Только в советской России могли показаться богатством гонорары, давшие любимой мастера не драгоценности, не виллу у моря, не платья от Диора (а должны бы и драгоценности, и виллу, и парижские платья, которые уж она-то отлично умела бы носить; наследие великого писателя было огромно и обеспечило доходами сонмы издателей, переводчиков, булгаковедов с их карьерами, а более всего — российское государство), но всего лишь возможность радостно и не задумываясь купить «серую под норку» шапочку, уплатить в ресторане за обед вдвоем с переводчицей, приобрести четыре коробки шоколадных конфет для подарков («Часов в десять выглянуло солнце. Я села в автобус и поехала одна в Пешт. Купила себе высокие ботинки и четыре коробки конфет для подарков. Бездарно, конечно, но зато не надо придумывать...») или несколько рубашек нежно любимому внуку («Зарвалась. Когда уже купила третью рубаху малышу, подсчитала и увидела, что осталась с 200 форинтов — это гроши, и как я доживу, не знаю еще...»).
Но по советским меркам поток денег был действительно восхитителен. И зарубежные гонорары, общипанные советским законодательством, все-таки шли, и — под присмотром верного Келлермана — банку не удавалось сглатывать их так беспардонно, как это происходило потом со мною. За каждое произведение Булгакова советские издатели платили ей один раз, но были бесконечны сбереженные ею рукописи...
Она обожала тратить деньги. Обожала и умела делать подарки. Это был короткий период в ее жизни, когда она упоительно наслаждалась своей щедростью и закупала груды прелестных подарков — из Москвы в Париж, Будапешт, Берлин и Прагу, из Парижа, Будапешта и Праги — в Москву.
Она купила сыну автомашину — может быть, как раз за деньги от продажи архива. Была горда и счастлива, когда он возил ее. Автомобиль самой скромной советской марки и в самом деле считался богатством.
Ждать ее смерти, чтобы получить наследство? Бог ты мой, да она с радостью отдавала ему все, что имела. Наслаждалась возможностью что-то еще купить ему, невестке, своему внуку. Обрадовать неожиданностью подарка. Невозможно представить себе, чтобы она отказала в такой малости, как деньги, любимому, обожаемому, жизни ее — Сергею.
Да и не было, если правду сказать, никакого наследства. Ее запись в дневнике 2 февраля 1970 года: «...Я получила пенсию, а то ни копейки не было дома. 69-й год я жила барыней, сорила деньгами — ребятам («ребятам» — это и есть открытый кошелек для Сергея. —
Не думаю, чтобы состояние ее счета было тайной для Сергея. И если бы он и вправду был таким расчетливым негодяем, каким представляет его А.Шварц, ему было бы выгоднее, чтобы она жила.
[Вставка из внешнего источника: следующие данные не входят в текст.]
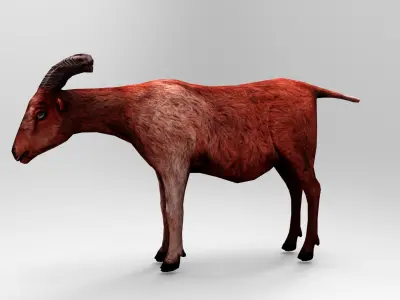 3D Red Goat low poly Model  Low-poly 3D model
После смерти Е.С. денег за булгаковское наследие С.Е.Шиловский, по-видимому, практически не получал. Разве что небольшую сумму — из Библиотеки Ленина, куда передал остаток материнского архива. И по тому, как он отдал этот архив, не торгуясь — все, что было, за то, что дали, — видно, что, унаследовав от матери ее пренебрежение к деньгам, он, увы, не унаследовал ее деловитости. Ибо Елена Сергеевна за такую мизерную сумму архив не отдала бы. Не из жадности — из гордости.
*
Поэты посвящали ей стихи. Большие поэты — очень хорошие стихи. (Впрочем, это отдельная тема.) Но она переписала своею рукой и сохранила, вложив в дневник, посвященные ей бедные стишки Николая Доризо: «...Мастер и Маргарита, Бег, Театральный роман. / Все, что теперь знаменито, кануло б в океан... / Вы понимали, с кем жили. / Русский поклон вам земной! / Каждой строкой дорожили / В книжке его записной». Стихотворение заканчивалось простодушно эффектной фразой: «Вы и посмертная слава — две его верных вдовы...»
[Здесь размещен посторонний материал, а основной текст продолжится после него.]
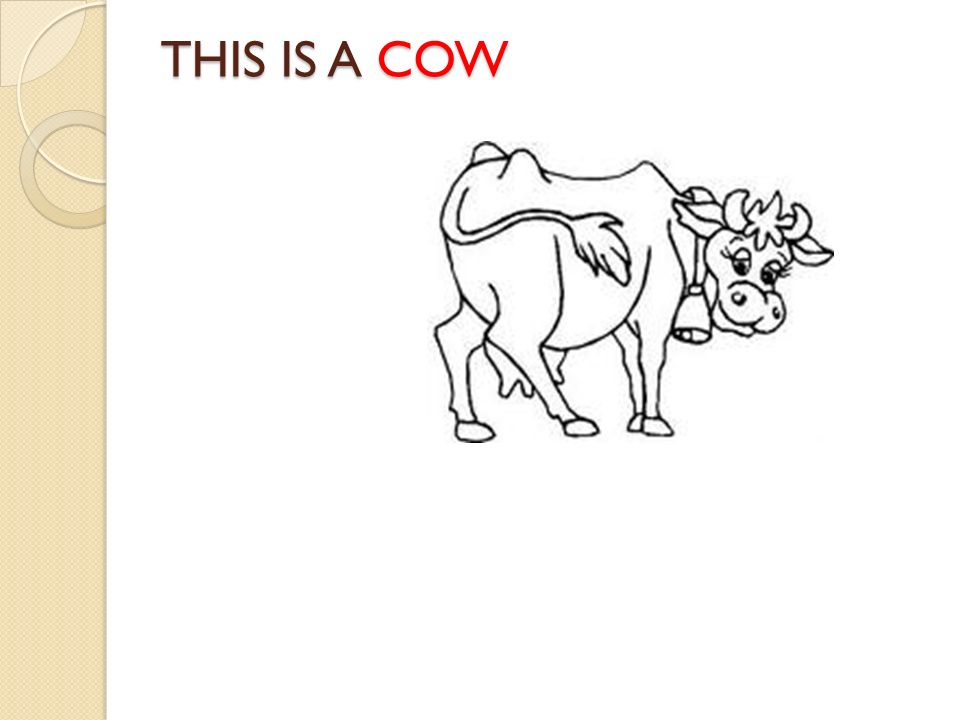 THIS IS A COW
Она хотела признания — этого. Она хотела праздника — этого.
Но праздник получался какой-то странный.
Собственно говоря, публикации прекратились: загадочным образом не шла сатира.
Однажды, в конце 1967 года, Е.С. бурно рассердилась на меня: я так ничего и не сделала к этому времени для публикации Булгакова. То ли дело некто Бараев, главный редактор (или заместитель редактора) журнала «Байкал», выходившего в Улан-Удэ, далеко за Уралом. Бараев приехал и с восторгом взял у нее «Зойкину квартиру» для публикации в своем журнале! Бесполезно было говорить, что у меня, в отличие от Бараева, нет журнала. И Бараев, у которого был журнал, «Зойкину квартиру» опубликовать не смог. Несмотря даже на то, что в предшествующем событию номере журнала («Байкал», 1968, № 2) дал объявление о предстоящей публикации. Объявление вышло в свет. Пьеса — нет.